Yeah, I think a lot of the errors here are false positives, and it's not catching most actual errors. A deep dive here is needed to understand this product, see if it's actually helpful to us, and how we can use it. I have never seen that page until I opened this issue, so I don't know much about it yet.

@felder do you think this is something you might be able to tackle?

felder · 2021-09-09T20:15:28Z

@yuvipanda yeah I can take a crack at it

felder · 2021-09-20T22:21:01Z

@yuvipanda glancing at the documentation for the google error handling service, it appears that to get application level errors we would require code changes to send the data to the error reporting service or to call the API.

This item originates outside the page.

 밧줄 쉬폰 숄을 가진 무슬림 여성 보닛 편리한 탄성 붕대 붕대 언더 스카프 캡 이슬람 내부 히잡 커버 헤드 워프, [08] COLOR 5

https://cloud.google.com/error-reporting/docs/setup/kubernetes-engine

felder · 2021-09-21T18:47:07Z

This may prove more fruitful:
https://console.cloud.google.com/logs/query?project=ucb-datahub-2018

felder · 2021-09-21T19:23:30Z

Here's a query that looks for 503s on 9/16 when we last had an issue with #2677

https://cloudlogging.app.goo.gl/yHks4Rcc8FgtzAYu5

Note the peak between 4:30pm and 5:00pm PDT

However there is a lot of noise in here, for example each pod gets a 503 for metrics and requests resulting in a 200 are also logged as errors. If we could get the logging down such that actual errors are reported as type error and the noise wasn't, that would help a lot for isolating errors to alert on.

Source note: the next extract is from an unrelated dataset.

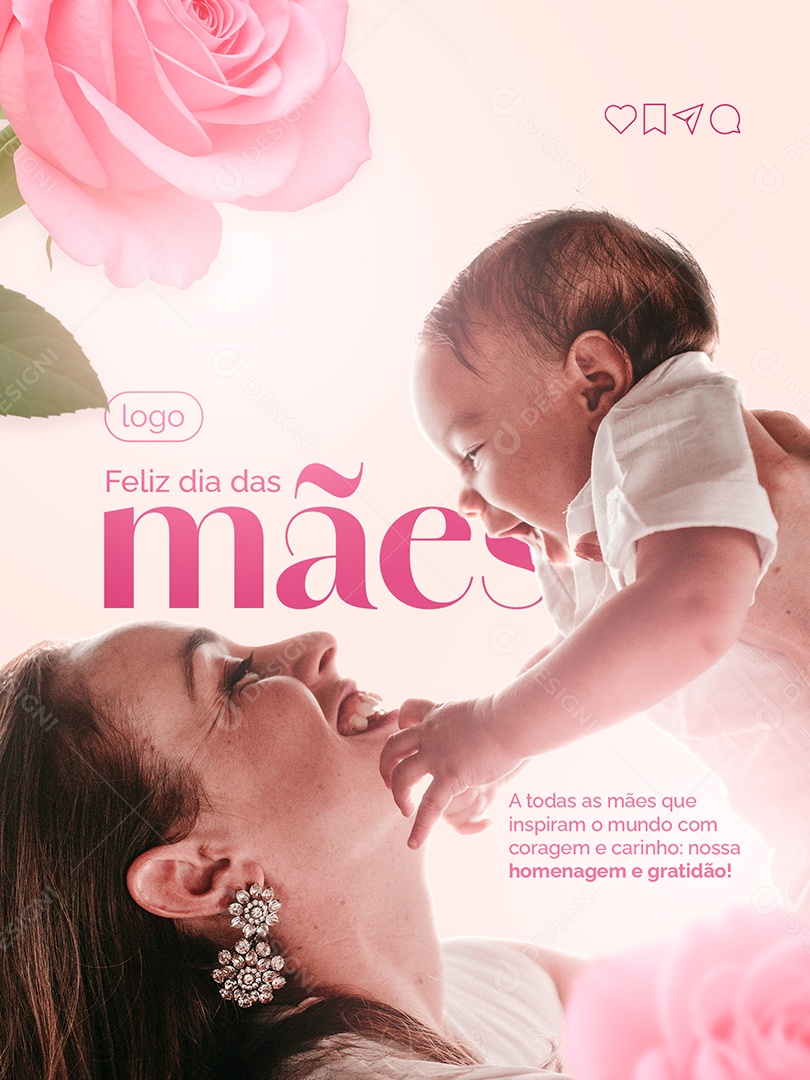 Social Media Feliz Dia Das Mães PSD Editável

felder · 2021-09-21T19:29:09Z

https://cloud.google.com/logging/docs/alerting/monitoring-logs

felder · 2021-09-21T19:33:17Z

Looks like I can define log metrics based on queries and then I can setup alerts based on those metrics.

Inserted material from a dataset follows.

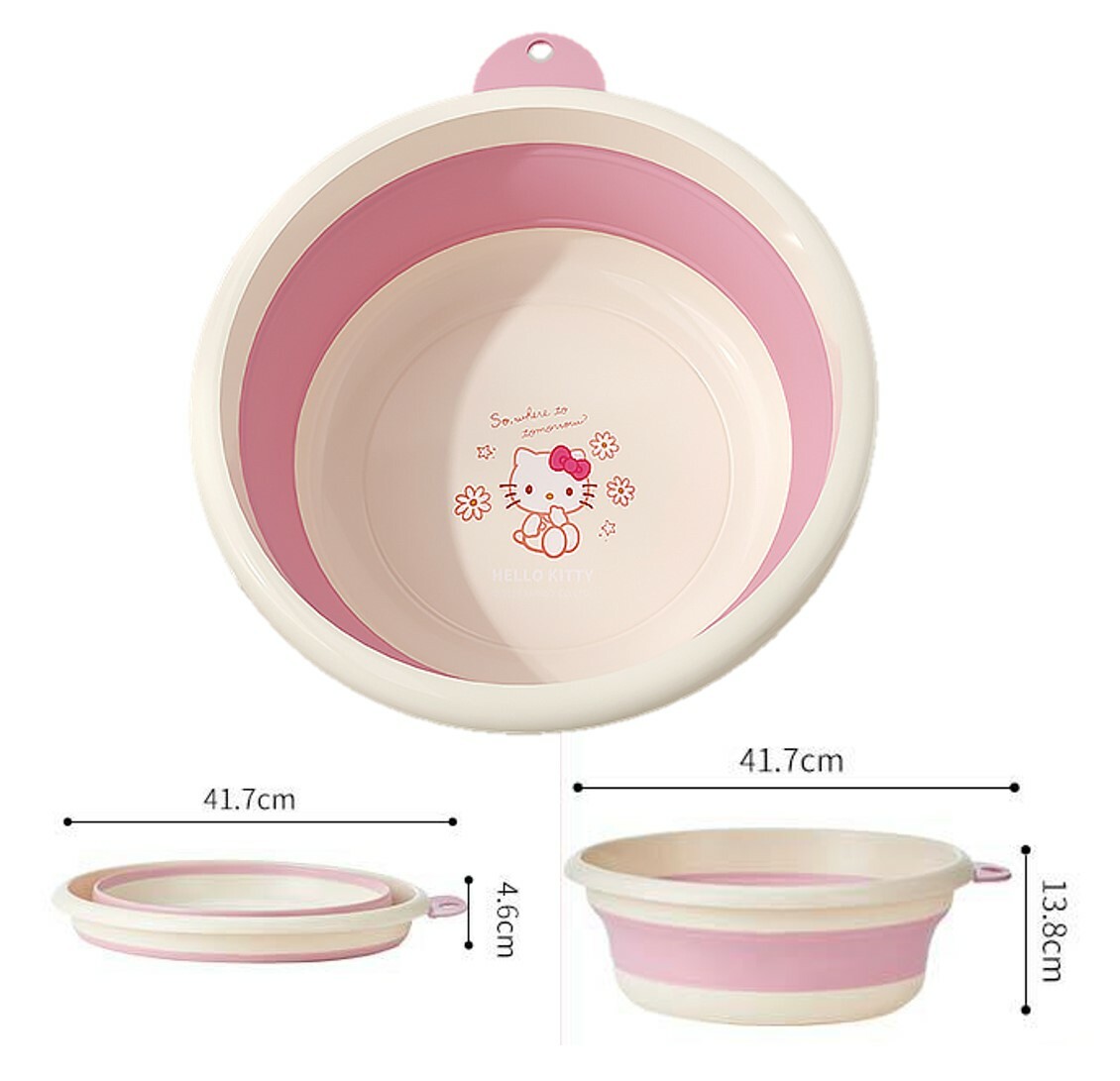 Hello Kitty Sanrio| 【可折疊】臉盆 | 洗菜盆 水盆-泡腳盆-L SIZE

felder · 2021-09-21T22:59:07Z

The following query to Logs Explorer seems to be pointing in a possible good direction. It shows a large spike for data100-prod during the incident on 9/16.

labels."k8s-pod/release"="data100-prod"
textPayload=~"\[E "
textPayload!~"metrics"
labels."k8s-pod/component"="singleuser-server"

felder · 2021-09-21T23:07:21Z

@balajialg requested I do a similar log query for prob140-prod around Sept. 13.

felder · 2021-09-21T23:14:18Z

Similar query again for r-prod for September

felder · 2021-09-21T23:40:56Z

publichealth-prod for the last week, the first spike matches up with a report made on slack of students having trouble, similarly there is a spike last night where another issue was reported.

balajialg · 2021-09-21T23:45:47Z

This is brilliant work, @felder! Thanks for spending the time to figure things out.

yuvipanda · 2021-09-22T09:54:59Z

@felder for alerting, can you explore https://grafana.com/docs/grafana/latest/alerting/ instead? Since all our metrics are already present in grafana...

yuvipanda · 2021-09-22T09:58:50Z

oooh, github just showed me your other messages. We definitely don't have metrics on 503s from user servers - we tried putting it in prometheus (#1993 and #1973) but prometheus was crushed under the weight of those (#1977). So let's explore that and see how it goes.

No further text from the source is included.